# O/night near Caen



## pablo (Feb 8, 2007)

Hello all, long time no speak, can anyone tell me of the site as you exit the Caen port (on a rondabout I think). Lastyear stayed beside the autoruote and wifey wasn"t pleased!!! BTW coming off the boat at 8:30 ish.Thanks in advance.Pablo.


----------



## Jean-Luc (Jul 21, 2005)

hi Pablo, this time last year we used this site www.camping-ariane.com its very convenient to the route between the ferry port at Ouistreham and Caen, also close to the Pegasus Bridge memorial sould you wish to visit.

Regards
Colin


----------



## olley (May 1, 2005)

How about one of you guys putting it in the campsite D/B then? with an RV endorsement. I am sure other members would find it very useful.  

Olley


----------



## olley (May 1, 2005)

Hi Jean just had a look and I don't think thats the one, this one sounds more like it according to the directions that Pablo gave: 
Camping Les Pommiers 
Parc Municipal Rue De La Haie Breton 
Route de Caen
Ouistreham
Normandy 
14150

Don't appear to have a website but ukcampsite have a few details. http://www.ukcampsite.co.uk/sites/details.asp?revid=3858&map=on

Olley


----------



## krull (Jul 22, 2006)

Caen.

There is a lovely camping car aire just off the end of the main beach.
There is the public car park adjcaant to the ferry terminal where plenty of campers park.
There is the road along the opposite side of the river, opposite the ferry terminal, agin plenty of campers overnight (or longer) there.

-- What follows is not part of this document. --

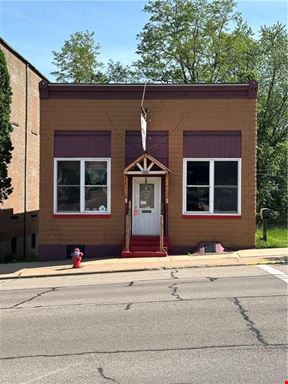 320 Main St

I am sorry but I can't say how suitable any of these are for an RV. The nearest access accross the river is via a swing bridge with a weight limit, but not sure how much.


----------



## Jean-Luc (Jul 21, 2005)

Sorry to add to the confusion guys but the site I mentioned in my original reply was NOT the one we stayed at. I should have said Les Capucines (N49.237938 W0.257264) in Ranville. 'Twas the one I described.

Regards
Colin


----------



## teensvan (May 9, 2005)

Hi 

There is an aires at the port of Ouistreham we used it last year. It does get busy. May be tight if you are over 30 foot. GPS N49.17.258 W000.14.998.

steve & ann. ----- teensvan


----------



## billym (Dec 17, 2005)

Les Pommiers is the site on the way out of Ouisterham. Open all year it is a bit of a dump but is suitable for large RVs.

The aire is OK for RVs just so long as there are not many other motorhomes on it.


----------



## 101405 (Oct 15, 2006)

*Caen*

Caen -con ! my dad spent many a night outside caen trying to get the Germans to surrender . one hell of a battle His tank got hit but he did come home , lots of parking around port.


----------



## pablo (Feb 8, 2007)

Thanks Olly , I think that"s the one


----------